The Oban Times
- Type: Weekly newspaper
- Owner: Wyvex Media
- Founder: James Miller
- Founded: 1861; 164 years ago
- Language: English
- City: Oban
- Country: Scotland
- Circulation: 5,642 (as of 2023)
- ISSN: 2517-6005
- Website: obantimes.co.uk

= The Oban Times =

The Oban Times is a local, weekly newspaper, published in Oban, Argyll and Bute on a Thursday. It covers the West Highlands and Islands of Scotland, reporting on issues from the Mull of Kintyre to Kyle of Lochalsh on the mainland, to the Inner and Outer Hebridean Islands with Argyll, and Lochaber as its heartlands.

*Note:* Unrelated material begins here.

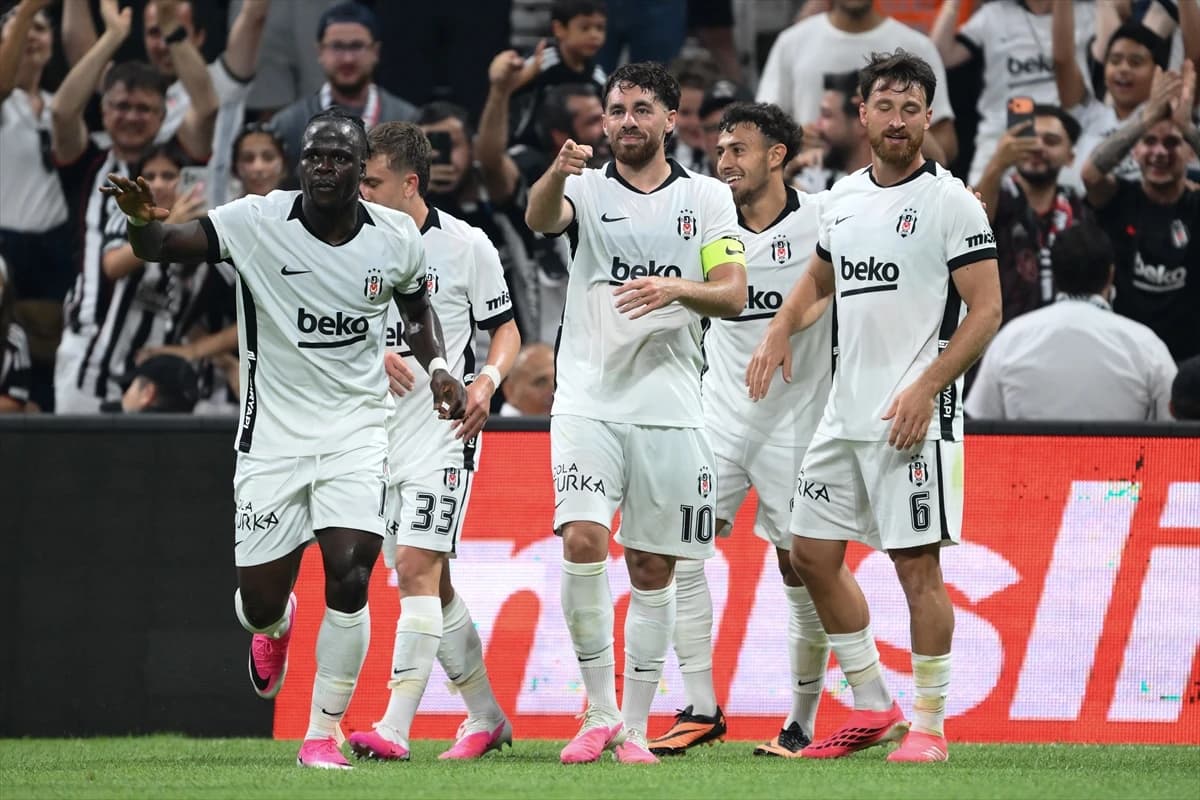 Beşiktaş nasıl tur atlar?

The Lochaber Times is the Lochaber/Fort William/Highlands and surrounding area edition of The Oban Times.

==History==
In 1861 the Oban Monthly Pictorial Magazine was established by James Miller at a printing site on George Street in Oban. In 1866 the monthly operation became a weekly and changed its name to the Oban Times & Argyllshire Advertiser, although locally it was often referred to as ‘The Highlander’s Bible’. Printing was later transferred to a printing plant at the top of John Street.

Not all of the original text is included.